Okay! I have found the solution (in this case)! After hours of frustration, etc, etc.
So, I had ruled out the DVD since it worked fine on another computer.
I took all the steps as recommended by the troubleshooting threads such as remove extra ram, disconnect and disable ANYTHING unnecessary (though, in my case that turned out to be not needed) and still had this stall issue.
I found after trials and tribulations that if I ejected the DVD after a certain amount of time (a couple minutes) that the first window would come up.
*As someone suggested above, this sort of indicated that there might be something wrong with the optical drive in some way,
drivers or what have you.
So I got to the "Install" screen, hit that, and after a few minutes of "Starting setup" screen ejected the DVD again and it gave me a screen that said necessary CD
drivers not present (common message) yadda yadda. Well this is odd, my DVD drive uses the most basic of atapi
drivers, which the windows setup of course has. SO, I decided to get a USB drive ready to startup off that in case I needed to disconnect the DVD drive, which was causing the stalls.
On my laptop, I get the USB drive formatted and files copied, but I can't load the bootloader because I'm trying to install 64bit on my desktop, and the laptop has 32bit vista.

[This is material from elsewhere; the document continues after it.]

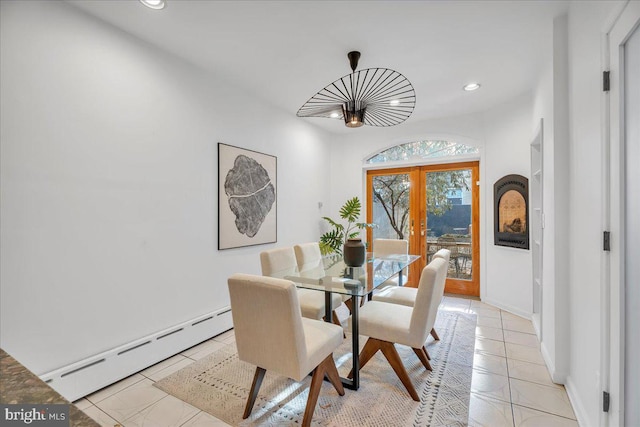 dining area with light tile patterned floors, a baseboard radiator, and french doors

What a pain, I'm pretty frustrated at this point. On a whim, I try it anyway. No luck booting off the USB stick (*on a side note, with this gigabyte motherboard you have to select USBHDD instead of USBFDD to start off a USB flash disk drive).
So I throw the DVD in there again and it starts up, and I take it out at the specified time. Now, since the USB drive is still plugged in, and the DVD is out, even though it loaded the setup system off the DVD drive it's detecting drivers and copying files from the USB drive! Awesome! Success! Windows 7 loads smoothly and detects everything. SOLUTION! (I think)
Ok, so the above solution that I hobbled together worked to get windows 7 on the computer. It worked great, I thought I had solved the problem. However, when I went to load my first programs off a CD, the disk wouldn't read and just spun up (much like when I had system installation problems). Hmmmm, I thought to myself. WTF could be happening?
Well, I was looking around doing some google searches on my Samsung DVD drive model number and came across a post from GorfTheFrog on Toms Hardware that I must have missed the first time around (
Vista64 Install Won't Recognize Samsung SH-S222 - DVD-CD-Writers - Storage ) and he had success just changing his IDE CABLE FROM A GENERIC TO THE ONE THAT CAME WITH THE MOTHERBOARD. I've had extensive experience with EE and CE back in college and this defied common sense as well but I was out of options so I gave it a try.
This. Fixed. Everything. Hours of frustration and a trip to best buy to pick up a 4gb flash drive for nothing (well, we can't say that, if it wasn't difficult it wouldn't be the same sense of accomplishment, right? I'm rationalizing here, back away from the cliff, self). So in the end, even though the dvd drive worked fine in my other system with that ide cable, switching ide cables fixed everything.
I hope my story can save someone else some time. In summary my suggestions are:
TL;DR:
1. When installing a new motherboard, use cables the motherboard came with if at all possible, pack away any old cables rather than re-use them unless you need them down the road.
2. If you can't get you DVD disk to work right, and you can't get a USB drive to boot, try booting from the DVD disk and pulling it out once windows starts. Leave the USB drive plugged in and the windows setup should copy everything fine from the USB drive (assuming your BIOS and Win setup recognize the USB drive).
If anyone has any questions, let me know.